=== Section Start ===

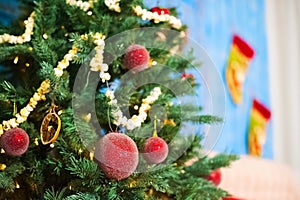 Red Christmas balls on a Christmas tree on a background of blue old doors in the New Year`s room decorated. Garland of popcorn. Ch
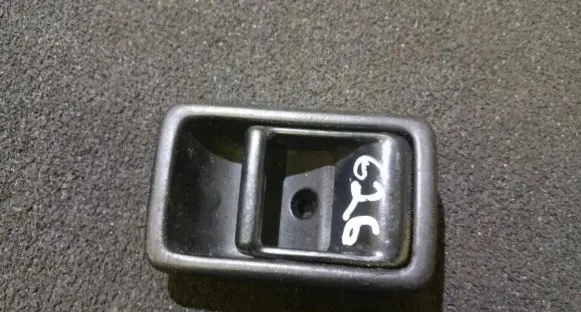 Mazda 323 Front door interior handle
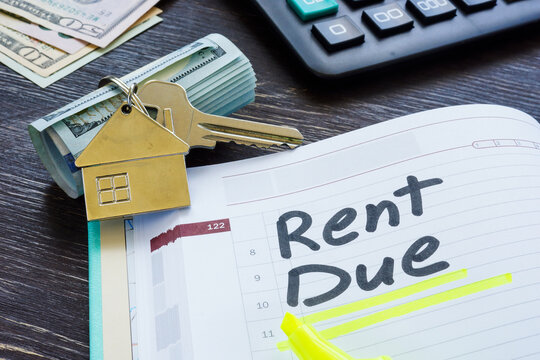 Rent due sign in the planner and key.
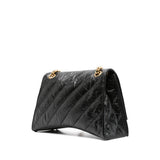 Close-up of Balenciaga cross body bags hardware and fine stitching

=== Section End ===

*Prompt:* Please write out every line of the listing above exactly, and leave the images behind.

*Response to the exercise:*
 Red Christmas balls on a Christmas tree on a background of blue old doors in the New Year`s room decorated. Garland of popcorn. Ch
 Mazda 323 Front door interior handle
 Rent due sign in the planner and key.
 Close-up of Balenciaga cross body bags hardware and fine stitching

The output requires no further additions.